- _TASK ITEM_
In the records below, repeat exactly the lines between the line holding "Как переводится tendon" and the line holding "Cartão De Festividades", inclusive, and drop the pictures.

◆ ◆ ◆

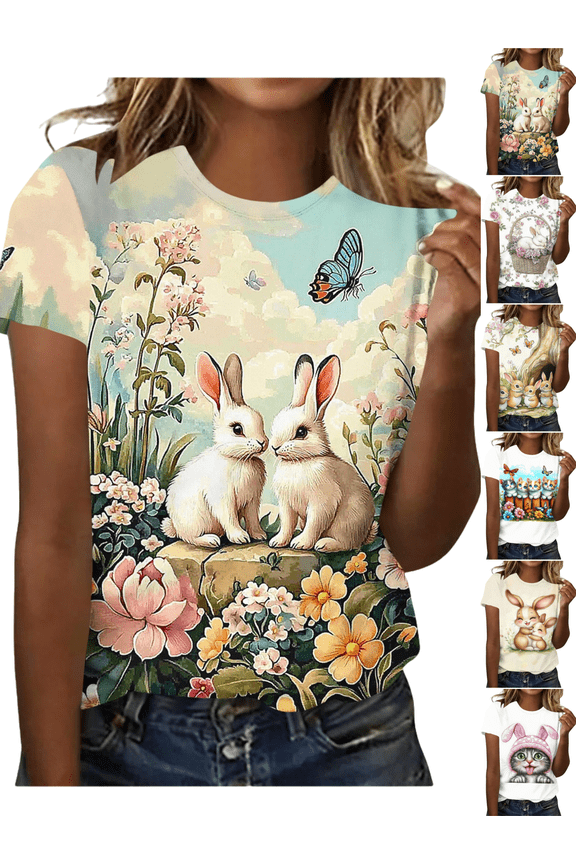 Easter Bunny Graphic T-Shirt for Women Novelty Rabbit Ear Hat Print Short Sleeve Crewneck Loose Fit Festive Holiday Gift Soft Breathable Tee Top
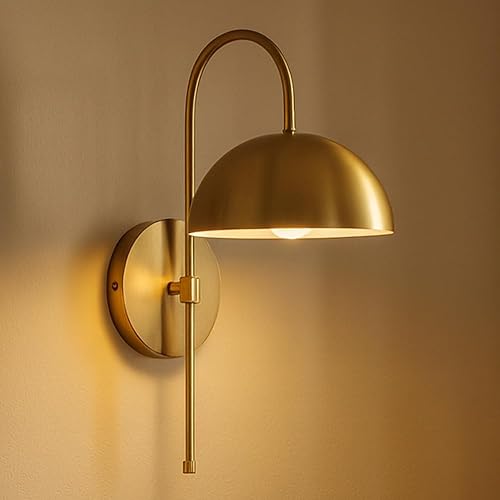 Miniatura 3 de Lark Lou 83300LCB - Aplique de pared individual, cuello de cisne delgado, pantalla de cúpula, interruptor de encendidoapagado, latón lacado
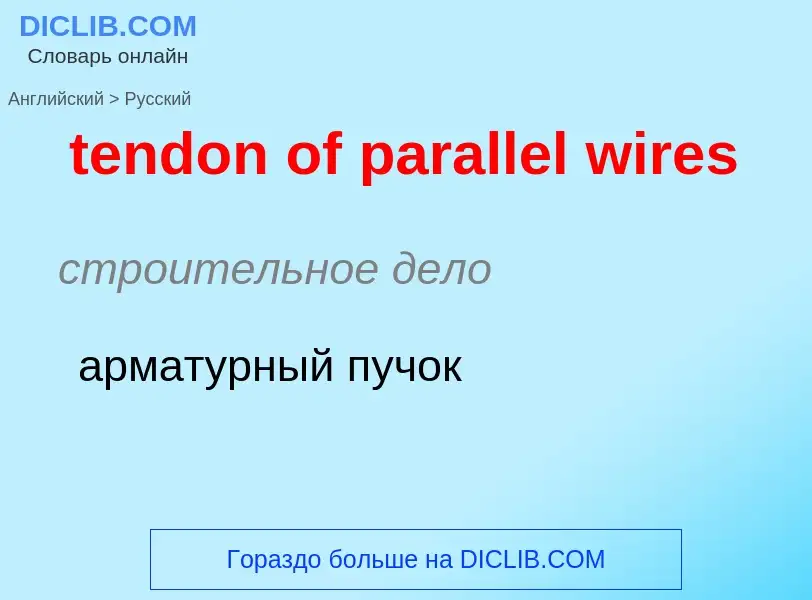 Как переводится tendon of parallel wires на Русский язык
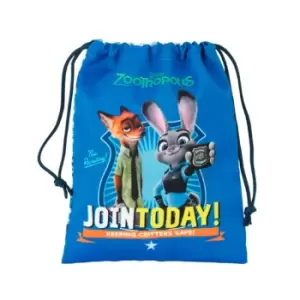 image of Disney Zootropolis Childrens/Kids Drawstring Character Lunch Bag (One Size) (Blue)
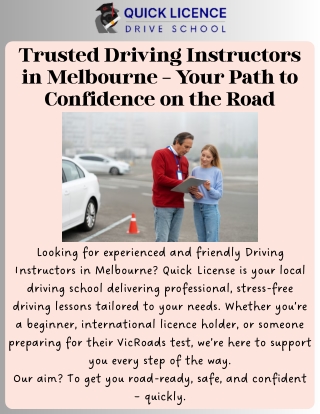Experienced Driving Instructors in Melbourne  Quick Licence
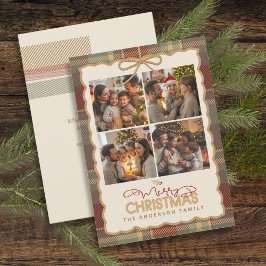 Cartão De Festividades Tartan Border Christmas 4 Photo Template ID1141A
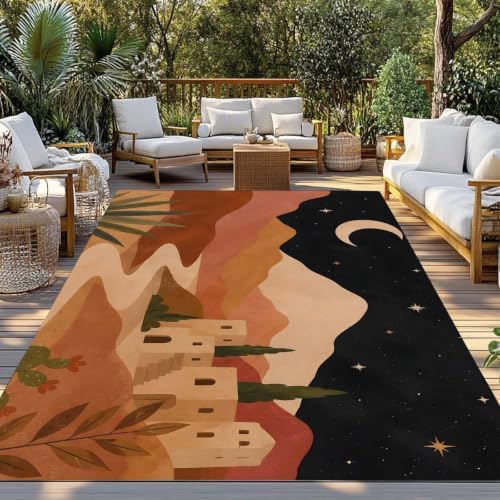 Boho Desert Night 3x5 Waterproof Outdoor Rug with Non‑Slip Backing Celestial Sky Stars Village Houses Machine Washable Deck Patio Rug Mat for Camping, RV, Garden, Balcony Pool - Image 2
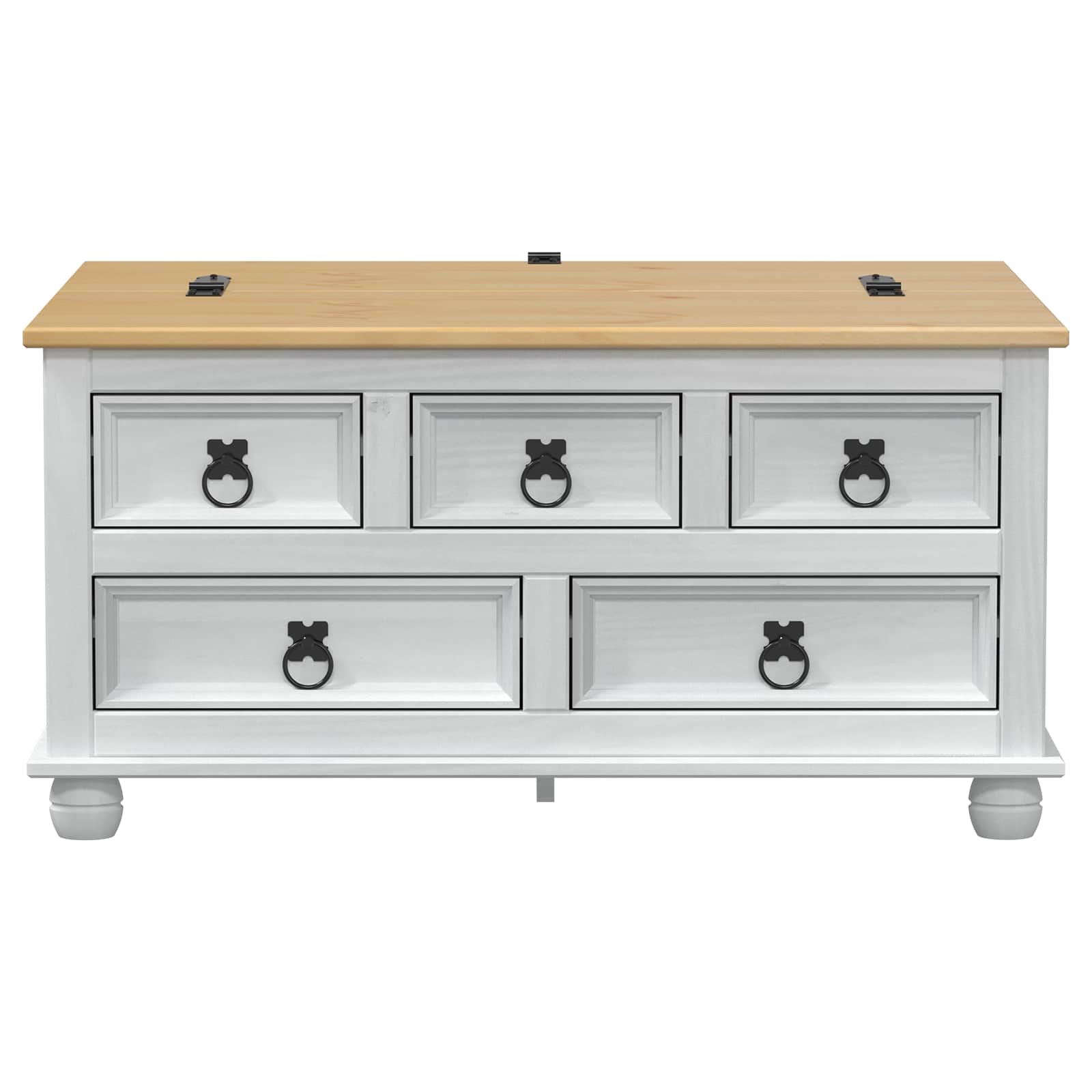 storage box con cassetto Bianco 90 x 78 x 45 cm Pino massello | homemem39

◆ ◆ ◆

- _REPLY TO THE TASK_
 Как переводится tendon of parallel wires на Русский язык
 image of Disney Zootropolis Childrens/Kids Drawstring Character Lunch Bag (One Size) (Blue)
Experienced Driving Instructors in Melbourne  Quick Licence
 Cartão De Festividades Tartan Border Christmas 4 Photo Template ID1141A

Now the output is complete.